Tanto o poco? L’ultimo bilancio dell’Icex, il corrispettivo iberico dell’Ice, racconta una storia simile: 200 milioni di euro concessi nel 2010, di cui 47 destinati al mantenimento dell’agenzia, composta da circa 600 dipendenti spalmati su 100 uffici esteri e ben 31 nazionali. A giudicare dal Plan integrado de refuerzo de las exportactiones y de las inversiones extranjeras di fine dicembre 2011, che conferisce all’Icex altri 100 milioni di euro, i risultati sono stati al di sotto delle attese. Una fonte giornalistica iberica racconta a Linkiesta che fino a poco tempo fa, soltanto a San Paolo le Comunità autonome spagnole avevano 11 uffici, mentre ora la Regione di Valencia è stata la prima a tagliare i propri per integrarli all’istituto nazionale, che dipende dal ministero dell’Economia. 

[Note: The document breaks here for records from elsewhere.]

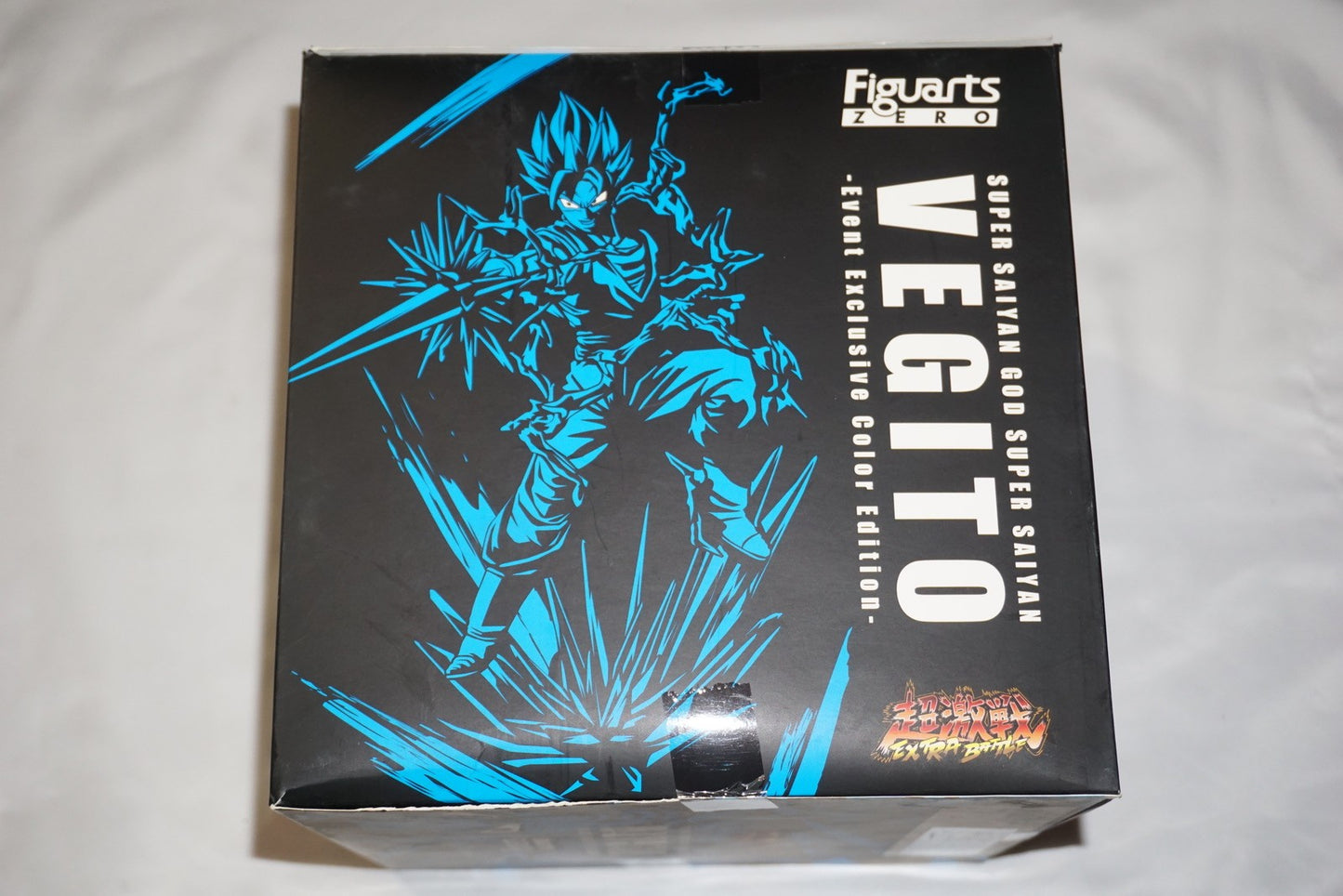 Dragonball Z Vegito Event Exclusive Figure with Box Figuarts Zero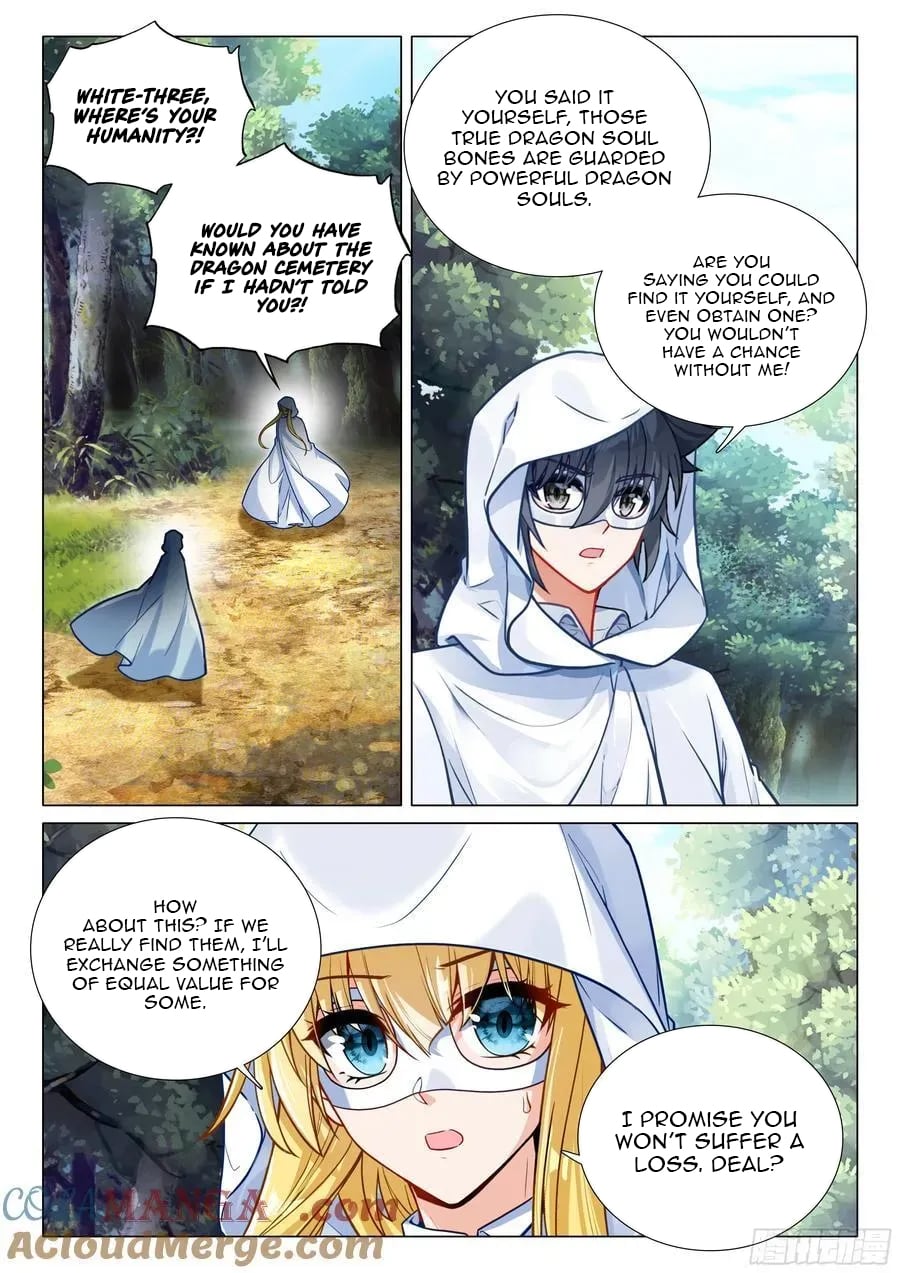 Soul Land 3 – Chapter 576 – Page 14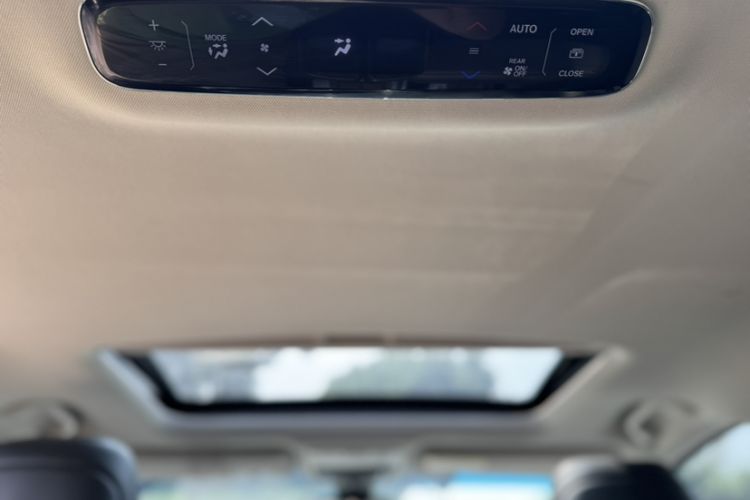 Used Honda Elysion 2019 2.0L Hybrid Luxury Edition Interior 10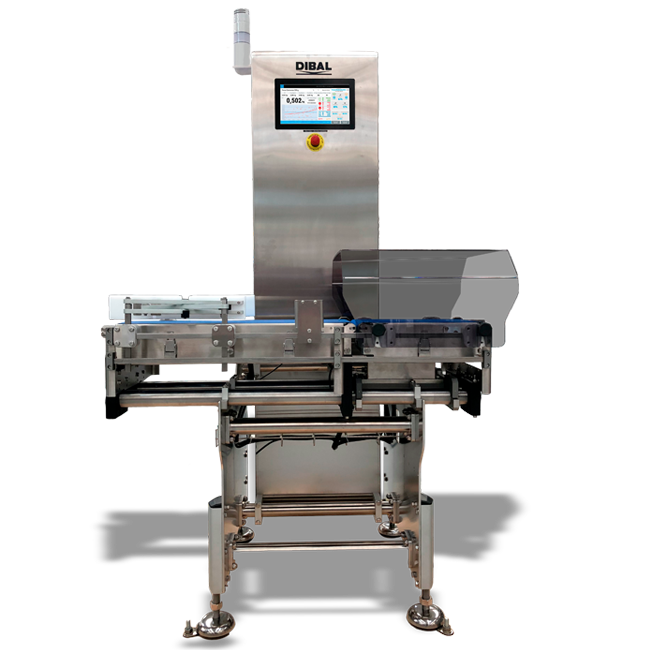 Controladora Automática de Peso DIBAL CW-5000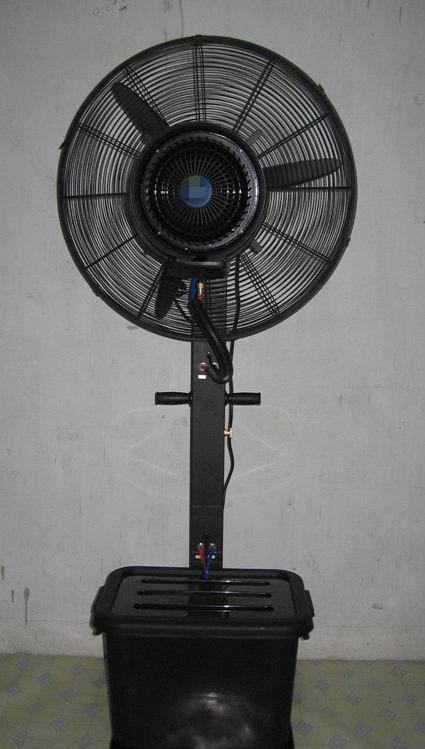 提供噴霧風(fēng)扇出租租賃圖片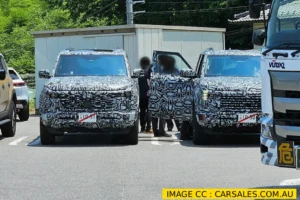 2027 Mitsubishi Pajero: New Details Confirm Triton-Based Diesel SUV Ahead Of Autumn Debut
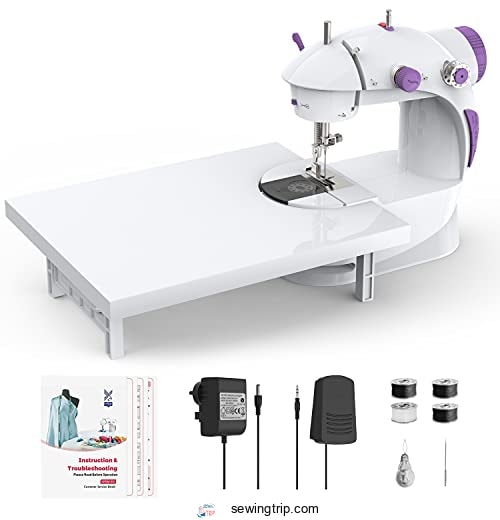 Varmax Sewing Machine with Extension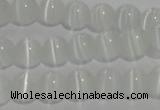 CCT1260 15 inches 5mm round cats eye beads wholesale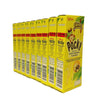 Glico Pocky Choco Banana 25g.(0.88oz) Packs of 9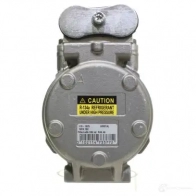 Компрессор кондиционера ALANKO 10PA15 C 1231862703 10550195 550195 - Изображение 4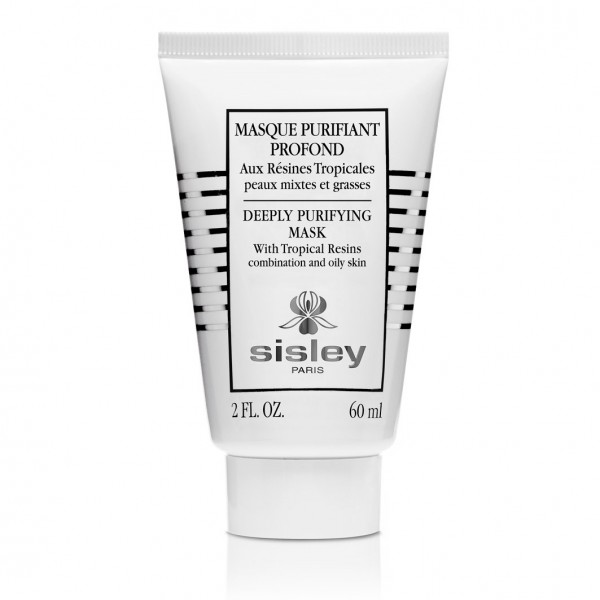 Sisley Masque Purifiant Profond Cosmetica 60 ml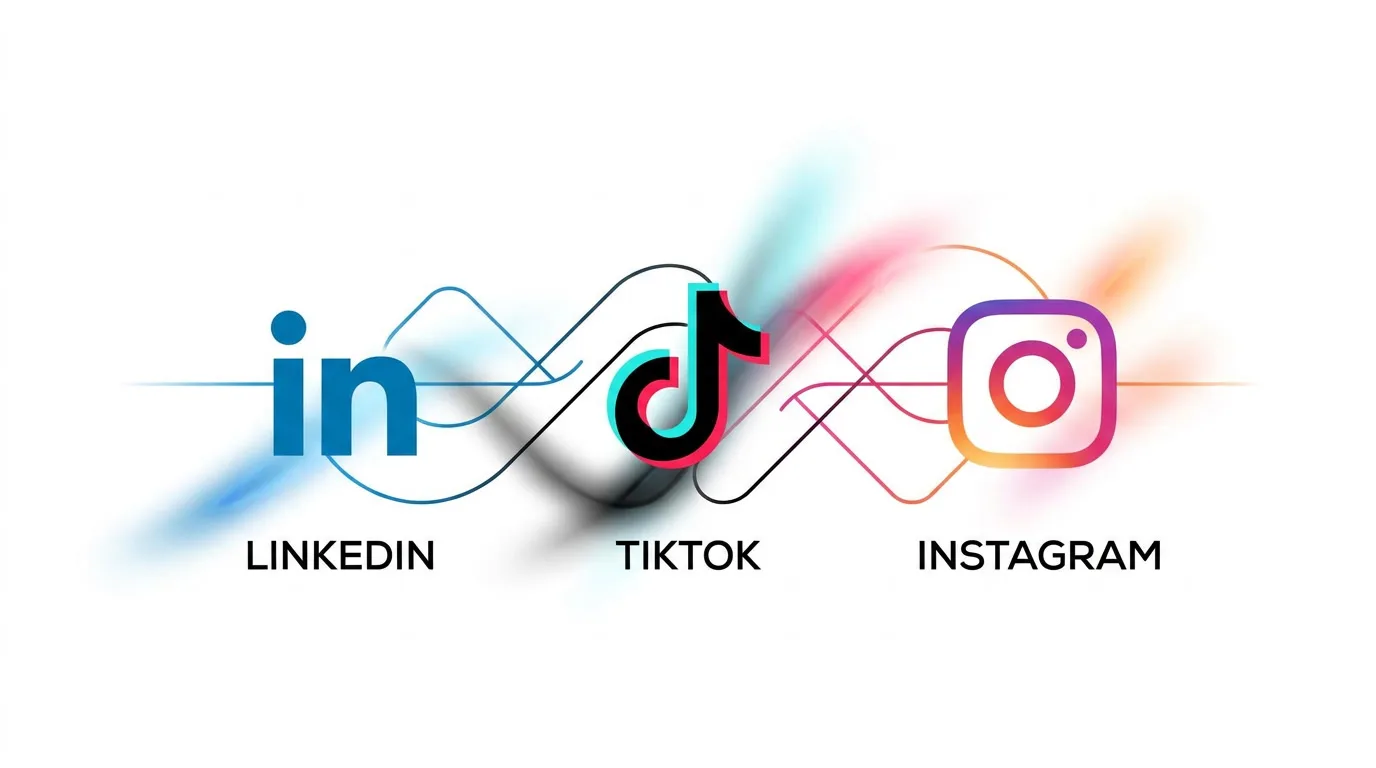 Création de contenu vidéo TikTok et Instagram : formules One shot et mensuelle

La transalpina Ubifrance, che secondo Vattani ha copiato dall’Italia alcuni progetti, nel 2011 ha ricevuto, come previsto dall’Assemblea nazionale, 104 milioni di euro (+14,2% sul 2010), fondi necessari a mantenere 80 uffici in 60 Paesi e 1.400 dipendenti. L’anno scorso l’agenzia ha seguito 20mila imprese, ha partecipato a 813 eventi promozionali collettivi accompagnando 13.800 aziende, e ha realizzato 3.400 missioni individuali promozionali. Ha inoltre accompagnato 7mila stagisti in giro per il mondo attraverso il Vie (Volontariat internazional en enterprise) . Lo scorso settembre Ubifrance ha siglato un Programma 2012-2014 che prevede un aumento delle consulenze a quota 60mila imprese e l’obiettivo della conclusione di almeno un contratto su tre società seguite dall’agenzia.

Nel rapporto sull’attività 2011, tuttavia, si scopre che è proprio da Vie che arriva la maggior parte delle entrate: 177 milioni di euro pagati dalle imprese avere una persona da mandare all’estero da 6 a 24 mesi per creare una struttura o ampliare il proprio business. Un’idea che non solo ha contribuito a chiudere il 2011 in utile per 262mila euro, ma che la dice lunga su come si fanno affari all’estero: meno fiere più persone.